Men's rooms differ from Ladie's rooms in only one fashion worth mention. Ladies rooms don't feature urinals and thus the reclaimed floor space means they will have more actual toilets. But men being able to whip it out faster on average, and able to use a urinal with less effort, is why after a movie, on average, you can ditch your used pop faster than your girlfriend wife did and be waiting outside for her rather than the other way around.


----------



## VashTS (Nov 19, 2011)

i vote for bathroom police

except i got a shy bladder so i guess i would no longer be able to use public restrooms lol


----------



## MFDC12 (Nov 21, 2011)

Foxi4 said:


> Not only that - she is still biologically male. A 100% sex change is impossible from a medical standpoint - she still has* no uterus, no ovaries, no milk glands* or no naturally-formed vagina - all there really is is *a set of fake breasts* and a mutilated male reproductive organ shaped to look like a vagina. She was never born with those and her hormone levels are adjusted artificially.
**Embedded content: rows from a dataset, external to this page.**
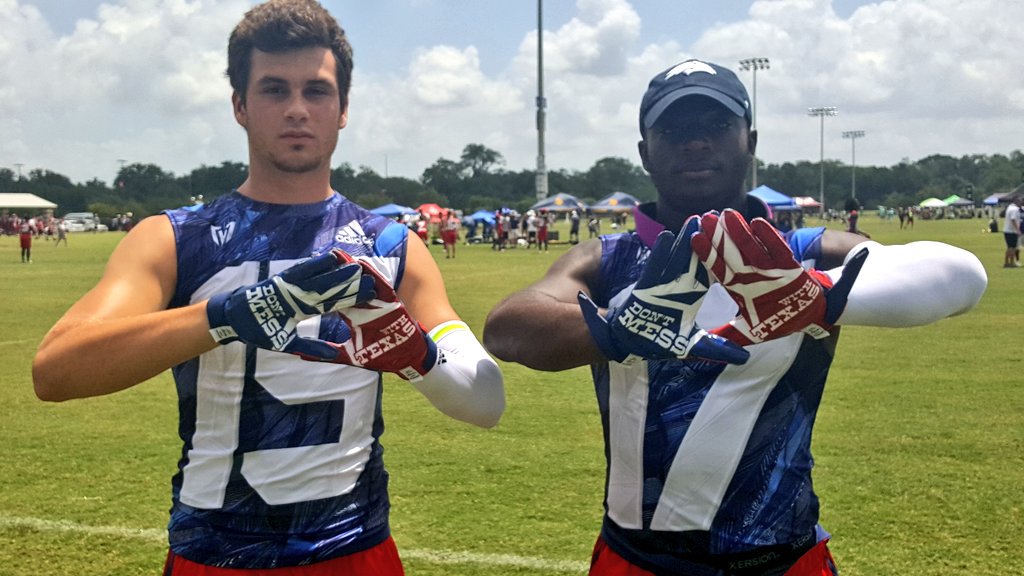 FanstandATX's tweet image. #CedarRidge bout that 3 Stripe Life #tx7on7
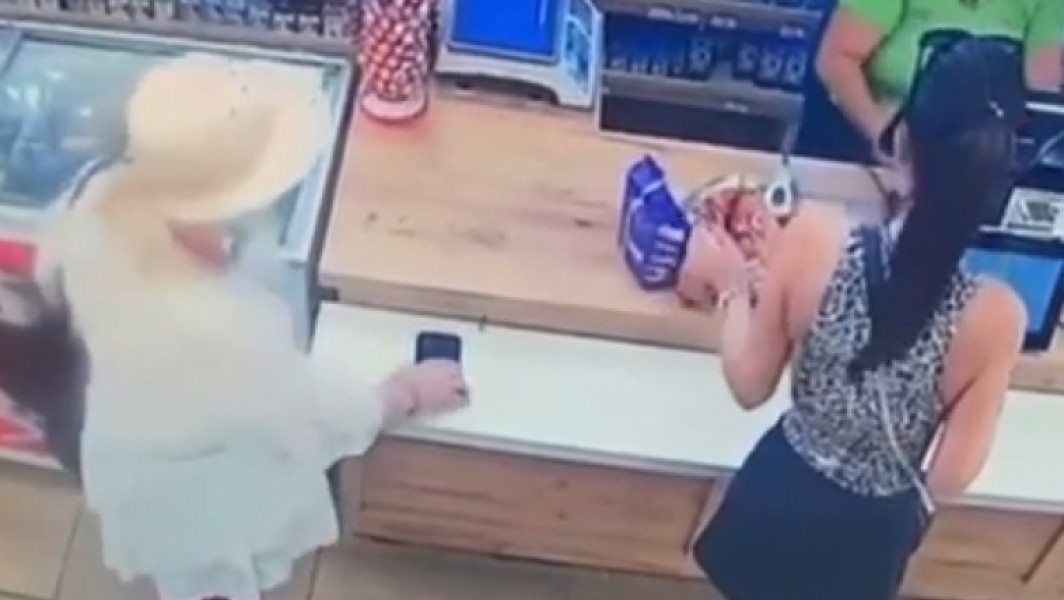 O femeie de 84 de ani din Cluj, cercetată pentru furt de telefon mobil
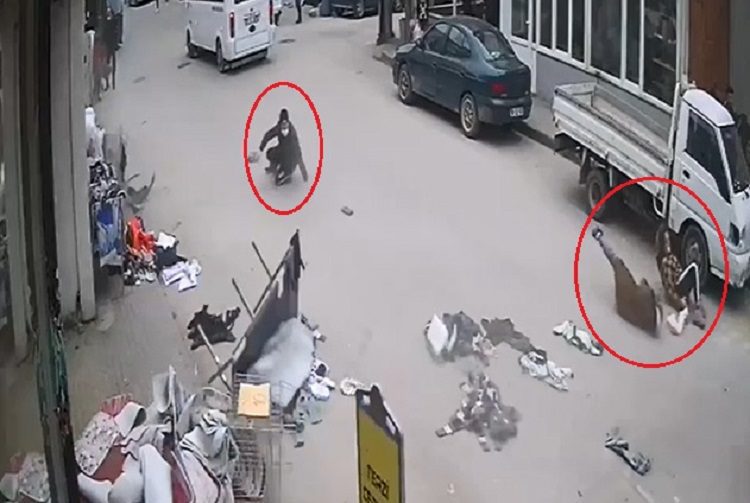 Bursa’da sokakta yürüyen 3 kişiye çarptı! İşte kaza anı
hysterectomy, oophorectomy,  Mammary Duct Excision‎. born females who get these procedures for medical reasons aren't really females anymore are they? :rollseyes:

many MTF transgenders I know don't have fake breasts. hormones treatments can enlarge breast sizes. and men _biologically_ have breasts. you know that males can get breast cancer, right?

so much of this thread implies the binary gender system exists, and it is quite irritating.


----------



## Foxi4 (Nov 22, 2011)

MFDC12 said:


> Foxi4 said:
> 
> 
> > Not only that - she is still biologically male. A 100% sex change is impossible from a medical standpoint - she still has* no uterus, no ovaries, no milk glands* or no naturally-formed vagina - all there really is is *a set of fake breasts* and a mutilated male reproductive organ shaped to look like a vagina. She was never born with those and her hormone levels are adjusted artificially.
> ...



Their biological makeup is entirely feminene even without breasts - we're not discussing people that have been wounded in accidents or had medical procedures that required removing some organ for their sake, we're discussing standard, everyday males and females and how to distinguish sex and gender, moreover, in a very general manner. I'd also like to underline that the internal built of a "male breast" is different than that of the female's, you're grabbing straws with the cancer. You Mad?


----------



## Thomas83Lin (Nov 22, 2011)

> they have been told to use the staff bathrooms at Fort Collins High School. But, Malikowski told reporters, “There’s not staff bathrooms all over the school, so when you really got to pee, you got to pee.”


The school was generous in letting them use the Staff restroom. I'm with the school on this one.


----------



## MFDC12 (Nov 22, 2011)

Foxi4 said:


> MFDC12 said:
> 
> 
> > Foxi4 said:
> ...



What one can assume from what you _wrote_ was that a biological female is only a biological female if they have a uterus, ovaries, milk glands, or a "naturally formed" vagina, and the only thing that makes a transgender person is fake breasts and reconstructed genitals.

I debated against 4 of those 6 arguments, saying that just because one does not have those parts does not make them female, nor do all MTF get plastic surgery, and maybe I did jump to conclusions that breast statement, but that does not make my argument any less true. Of course they are different structured, and to be quite honest, most men don't think they have breasts and assume breast cancer is just for females.

Your whole argument assumes the binary gender is the only thing that exists, and things are not that black and white, and can go beyond transvestism/transgender. There is intersex, third gender, pangender, whatever other genderqueer identity someone has. As stated by other people in this thread, a unisex/gender neutral bathroom would be preferable in any case.


----------



## Thomas83Lin (Nov 22, 2011)

MFDC12 said:


> a unisex/gender neutral bathroom would be preferable in any case.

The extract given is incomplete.